Five out of these six either didn't make the playoffs or dropped out in the first round. Meanwhile, here are the main players for the four remaining teams:
-Bradley Wright-Phillips: Englishman acquired mid-2013. No England caps aside from five with U-20s.
-Luis Robles: American keeper who has played in 106 Red Bull games since 2012. Drafted by DC United.
-Dax McCarty: Midfielder drafted by FC Dallas in 2006. MLS lifer.
-Kei Kamara: Played in MLS almost his entire career. Born in Kenema, Sierra Leone.
-Ethan Finlay: From Minnesota, he has played professionally with only the Crew.
-Wil Trapp: Grew up in Columbus suburbs, played for Crew since 2013.
-Darlington Nagbe: Born in Liberia, gained US citizenship this year, only played for amateur USL PDL club Cleveland Internationals aside from Portland.
-Diego Valeri: Started his career with Lanùs in Argentina, has played with Portland since 2013. Three Argentina caps.
-Fanendo Adi: Formerly with clubs in Slovakia, Denmark and Ukraine, he had two caps with Nigeria U-23s.
-Fabian Castillo: Previously with Colombian club Deportivo Cali, Castillo has gotten attention from both the Colombian national team and European sides.
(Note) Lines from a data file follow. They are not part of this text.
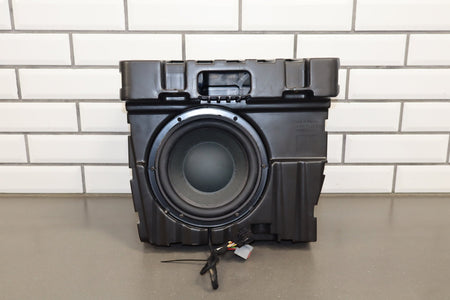2010 Porsche Panamera Subwoofer Assembly OEM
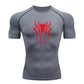 Men’s Compression Shirt – Superhero Quick-Dry Fitness Gym T-Shirt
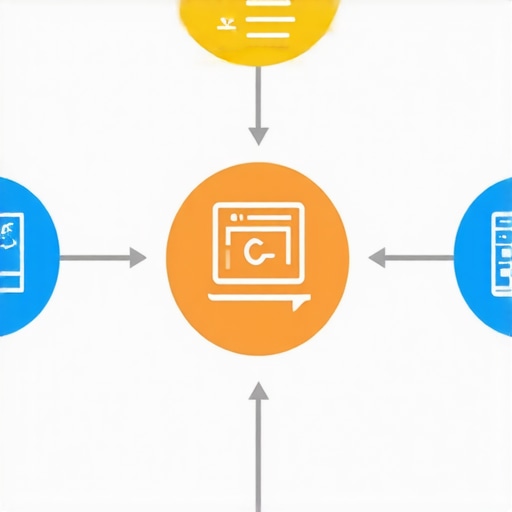 Diagram illustrating the key steps in local map SEO strategy including planning, GMB optimization, citations, content creation, and performance monitoring.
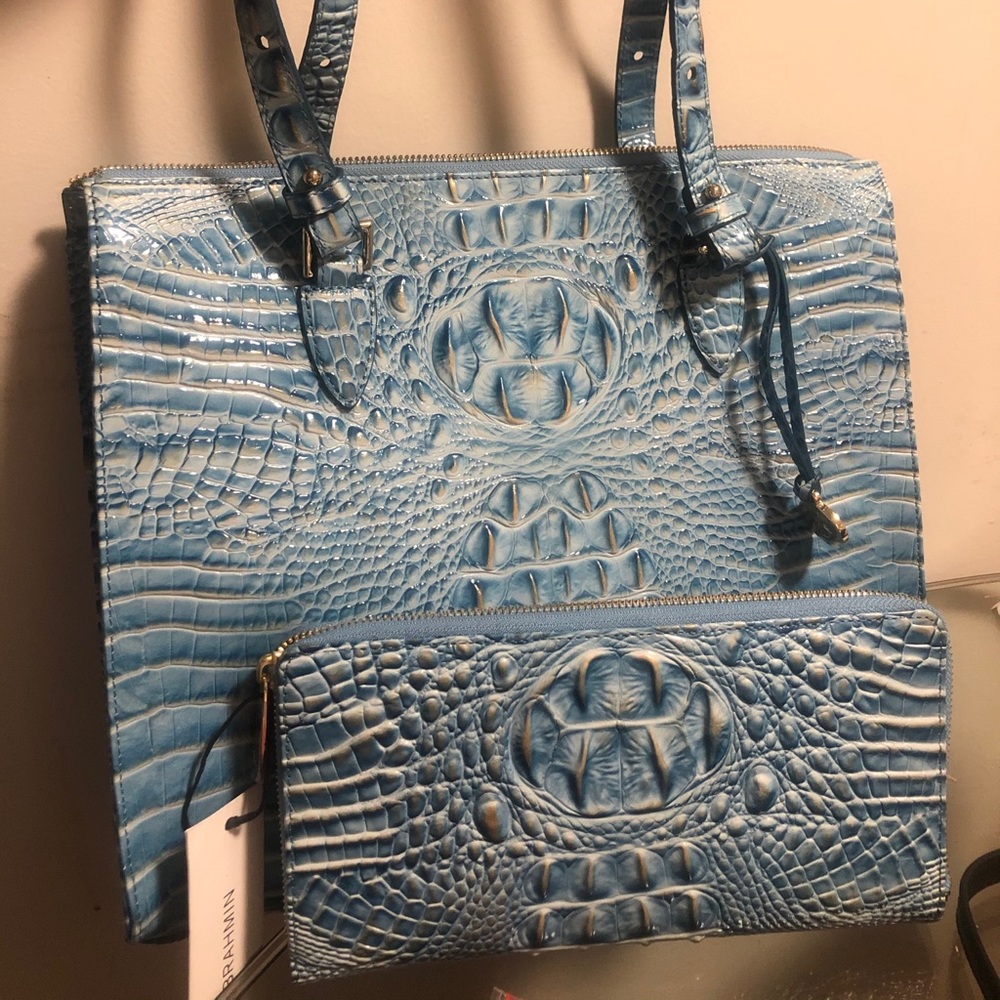 BRAHMIN Handbag & Wallet💕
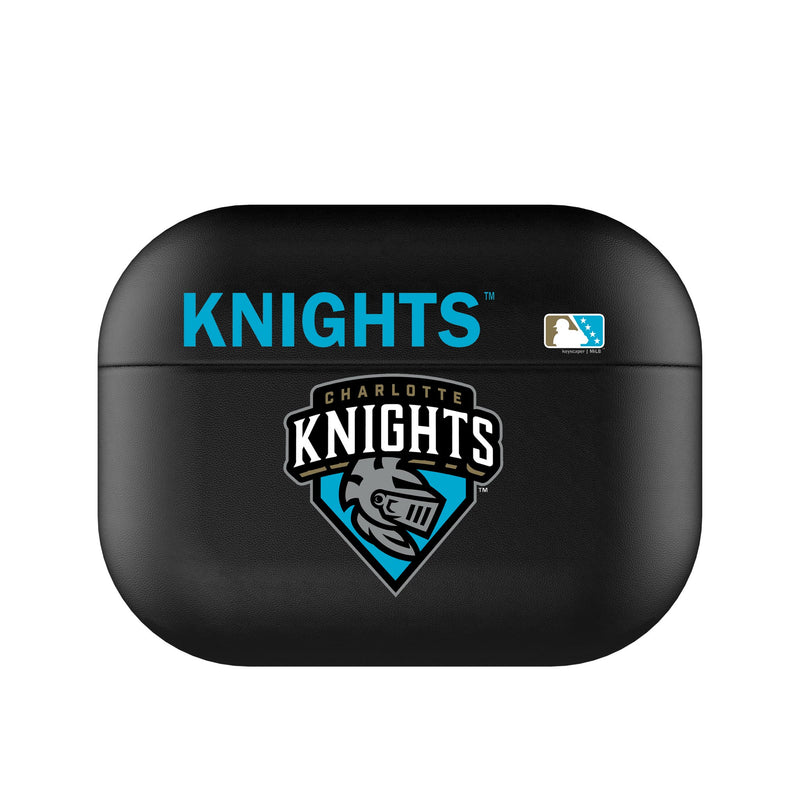 Charlotte Knights Insignia AirPods AirPod Case Cover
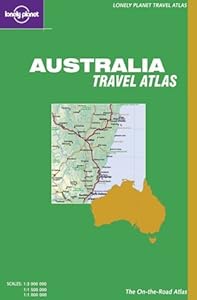 Lonely Planet Australia Travel Atlas (Lonely Planet Travel Atlases) by Lonely Planet (2000-10-02) by Lonely Planet Publications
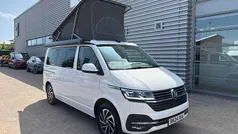 White Used 2024 VW California California Van | £70,990 (Fair price)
Has played in Dallas the whole of his career outside of his home country.
-Mauro Diaz: The Argentinean began his pro career with River Plate before arriving in America in 2013.
-Kellyn Acosta: A homegrown signing, the Plano, Texas native played in both the 2011 U-17 World Cup and 2013 U-20 World Cup.
Do you see a theme here?
The majority of these guys have either spent their entire careers with their current club or have been developed mostly in the United States. No 35-year old designated players that won 300 Champions Leagues, 2,000 Premier League titles and 5 World Cups.
The way to win in MLS is not by going the David Beckham route. It's by going the Fabian Castillo route, or the Kei Kamara route. Go find your player that fits your style and make him great.
That is the blueprint for success in Major League Soccer.